Astrophysicists from all over the world (but mostly, the New York metropolitan area) have gathered at the Center for Computational Astrophysics in Manhattan to sift through an unprecedented amount of information collected by Gaia, the European Space Agency’s space observatory. The data dropped at 6 a.m. Eastern on Wednesday, and scientists have hit the ground running, [digging through information on almost 2 billion stars.
According to the ESA, Gaia provides “sky positions and brightnesses for nearly 1.7 billion stars, distances, motions and color information for 1.3 billion, and a number of additional parameters for smaller subsets of stars and other celestial objects.” Launched in December 2013, Gaia is an orbiting observatory circling the sun, looking for interesting objects across the Milky Way.
All the information about the star map Gaia has been making is now available via the ESA Gaia Archive, which scientists will use extensively in the hack-a-thon room over the next few days.

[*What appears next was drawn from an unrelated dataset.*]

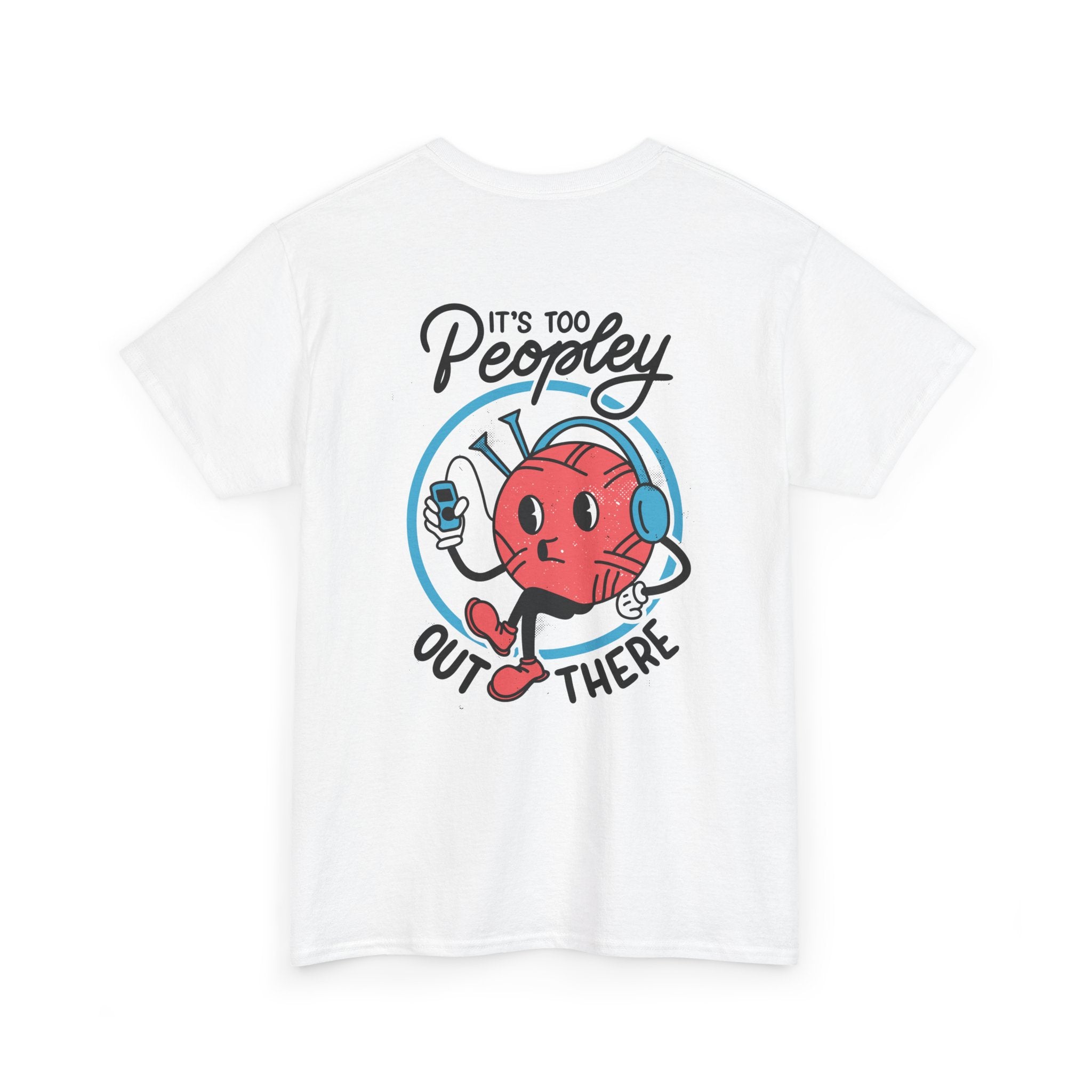 It´s too Peopley out there - T-Shirt Back Print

For some, the experience of mining this star map for all its secrets of the Milky Way is both awesome and infuriating.
“I’ve just discovered I was off on one object, so this is more of a sad moment,” Jackie Faherty, an astrophysicist at American Museum of Natural History, tells Inverse amid a bustling room full of scientists at the hackathon. “I did three years of commuting to South America to obtain the parallax that Gaia just told me I was wrong on, so I feel a little humbled.”
The object Faherty’s referring to lies at the coordinates 0608, -2751. She thought it was a planetary mass member of the Beta Pictoris moving group, which is basically a pack of young stars that travel and move in the same way together. This one just happens to be a young pack of stars relatively close to Earth. The problem was that Faherty’s object was about 10 parsecs farther away from the group than she previously thought. For context, 1 parsec equals roughly 3.3 light-years.

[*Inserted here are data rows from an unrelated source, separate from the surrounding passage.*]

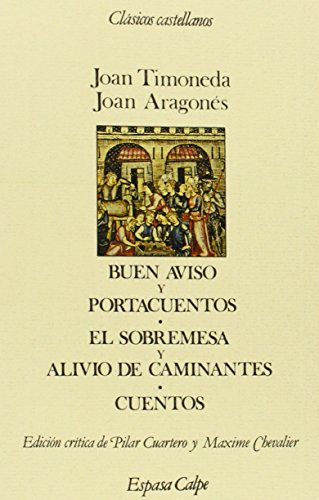 Buen aviso y portacuentos; sobremesa y alivio de caminantes, el. (Clásicos castellanos. Nueva serie)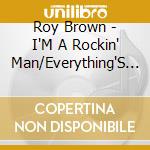Roy Brown - I'M A Rockin' Man/Everything'S Alright (7
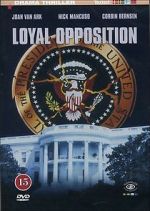 Watch Loyal Opposition Movie4k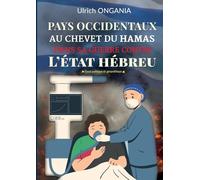 Pays occidentaux au chevet du Hamas dans sa Guerre contre l'État Hébreu: Essai politique et géopolitique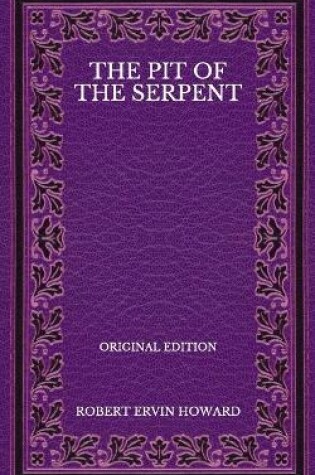 Cover of The Pit Of The Serpent - Original Edition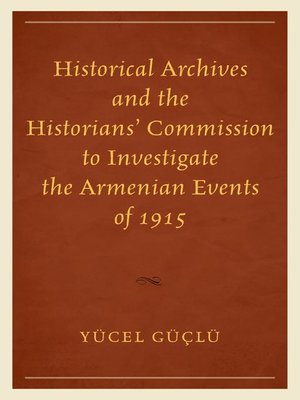 cover image of Historical Archives and the Historians' Commission to Investigate the Armenian Events of 1915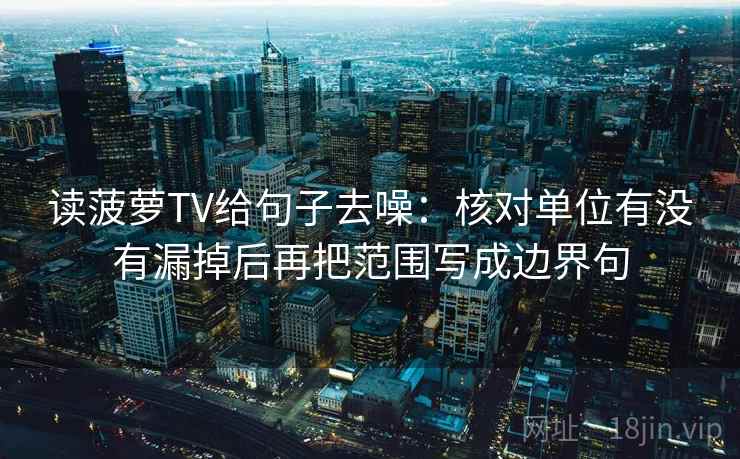 读菠萝TV给句子去噪:核对单位有没有漏掉后再把范围写成边界句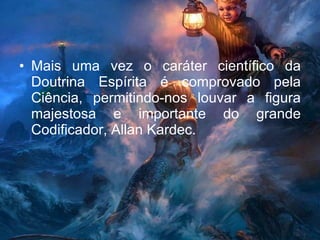 Mais uma vez o caráter científico da Doutrina Espírita é comprovado pela Ciência, permitindo-nos louvar a figura majestosa e importante do grande Codificador, Allan Kardec. 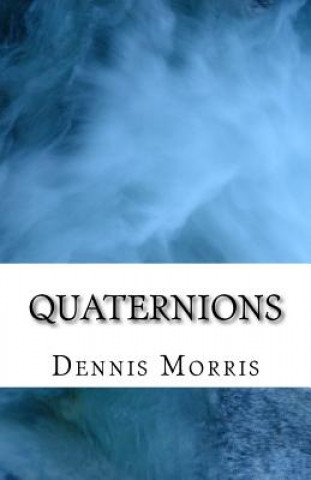 Kniha Quaternions Dennis Morris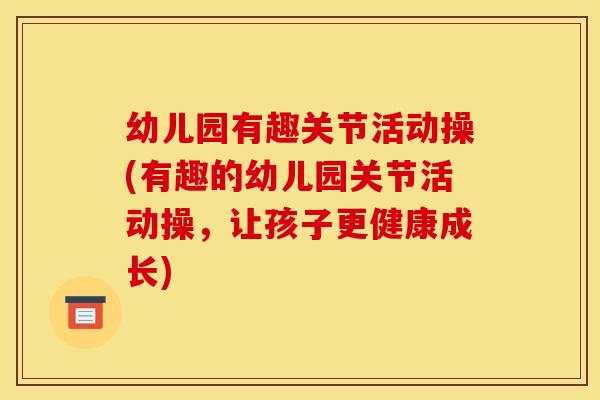 幼儿园有趣关节活动操(有趣的幼儿园关节活动操,让孩子更健康成长) 幼儿园有趣关节活动操(有趣的幼儿园关节活动操,让孩子更健康成长)
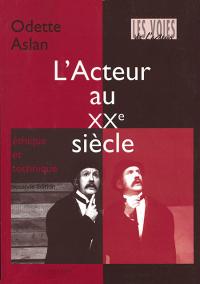 Acheter le livre : L'Acteur au XXe siècle librairie du spectacle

“That was a lot of my life…lot of frequent flyer miles,” she says. “But I’m sure I’m right in other cases!”
Not all hope is lost for anyone digging through this data. Seated next to Faherty is Jonathan Gagné, a Sagan postdoctoral researcher at the Department of Terrestrial Magnetism of the Carnegie Institution of Washington. He’s made a prediction Gaia has just now validated — he’s located a planetary mass object that lives at the boundary between brown dwarfs and planets.
“I’m looking for new stars and new brown dwarfs and we seem to have a handful of new M-Dwarf stars seem to be exciting,” Gagné tells Inverse. “You have to look at their velocity, because they all move together in the same direction but they’re sparse physically.”
It’s important to look for M dwarfs, Gagné says, because they are the most abundant stars in any population.
“So it’s really interesting to see how many of each star’s mass you find in different group — tells you a lot about the different formation processes.”
After a few minutes of relative quiet in the room, Faherty yells “BOOM!” Apparently, she’s got a hit.
“This is a brown dwarf,” she says, pointing to a catalogue page on her laptop. “It’s a very low-mass object that is co-moving, which means it’s dancing with another star. They’re widely separated…all I needed to do was put in its coordinates and bam, they have the exact same distance and motion, so they’re co-moving.” So despite some initial frustrations, Faherty says she can now update a paper she’s been working on for a year and a half about this exact subject.
While the hackathon will only last a few more days, astrophysicists around the world will continue to this data to compare it with their own findings — and come up with new ones.
Science is a mess. It’s an emotional rollercoaster. But at least, in this case, Gaia is coming through with some incredibly useful information.
“It’s like, done and done,” Faherty says. “Why did we do science until this moment?”